[[ INFORMATION, beginning ]]
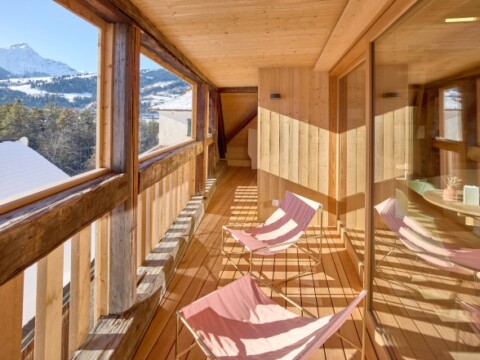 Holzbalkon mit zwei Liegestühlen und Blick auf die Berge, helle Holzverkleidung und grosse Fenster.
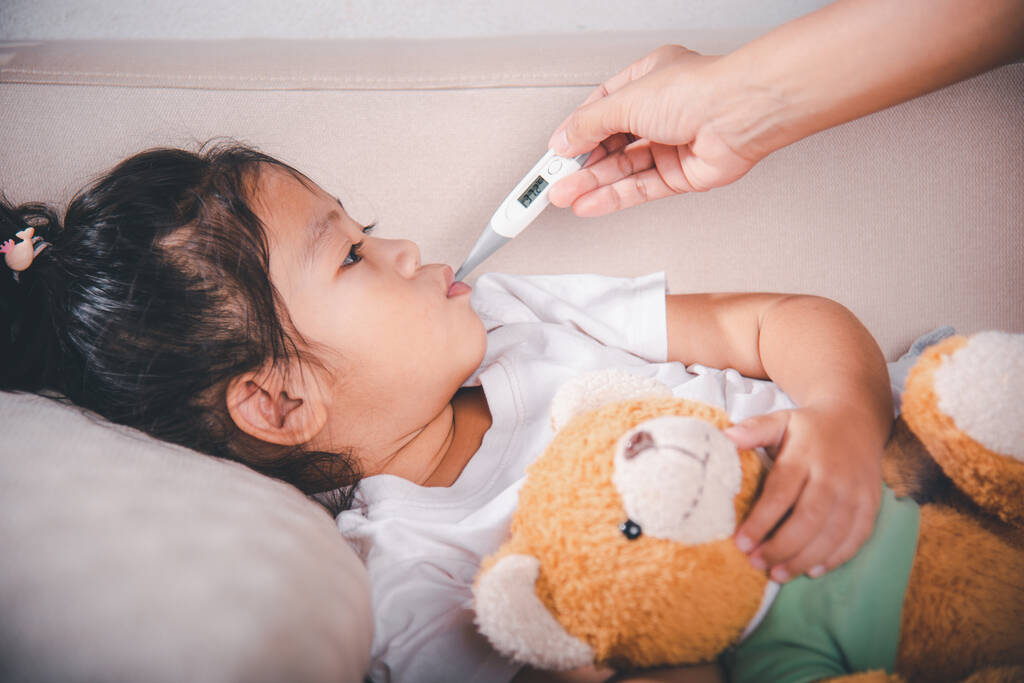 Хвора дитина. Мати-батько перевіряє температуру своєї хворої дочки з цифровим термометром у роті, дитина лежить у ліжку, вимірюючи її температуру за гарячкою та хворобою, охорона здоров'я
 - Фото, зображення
[[ INFORMATION, end ]]
[[ INFORMATION, beginning ]]
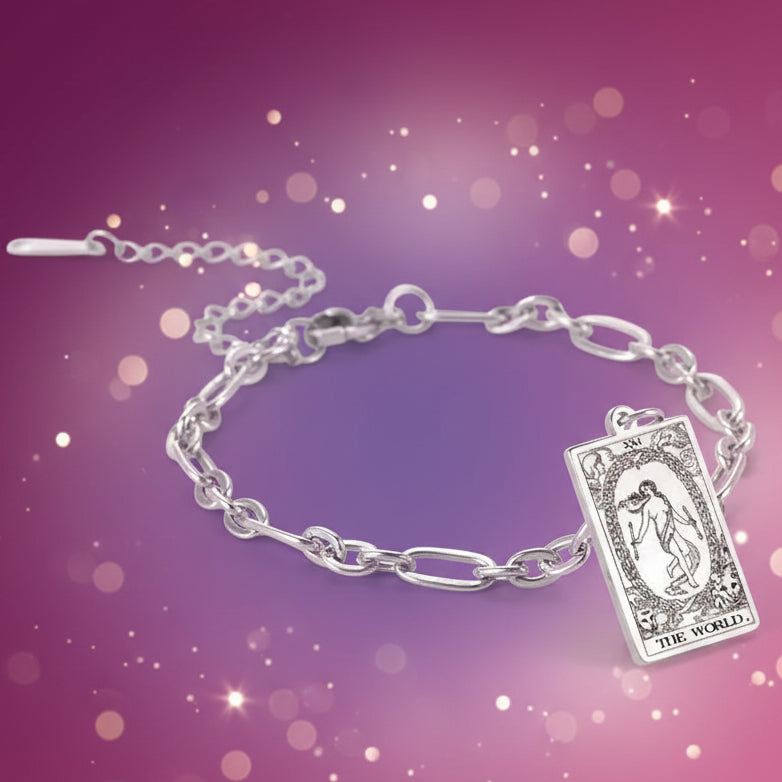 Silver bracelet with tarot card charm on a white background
[[ INFORMATION, end ]]
[[ INFORMATION, beginning ]]
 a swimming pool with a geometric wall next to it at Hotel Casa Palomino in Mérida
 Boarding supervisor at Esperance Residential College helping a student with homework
[[ INFORMATION, end ]]
Take the material above from the line containing "Holzbalkon mit zwei" up to and including the line containing "- Фото, зображення" and retype it exactly, without any pictures.

OUTPUT OF THE EXERCISE ->
 Holzbalkon mit zwei Liegestühlen und Blick auf die Berge, helle Holzverkleidung und grosse Fenster.
 Хвора дитина. Мати-батько перевіряє температуру своєї хворої дочки з цифровим термометром у роті, дитина лежить у ліжку, вимірюючи її температуру за гарячкою та хворобою, охорона здоров'я
 - Фото, зображення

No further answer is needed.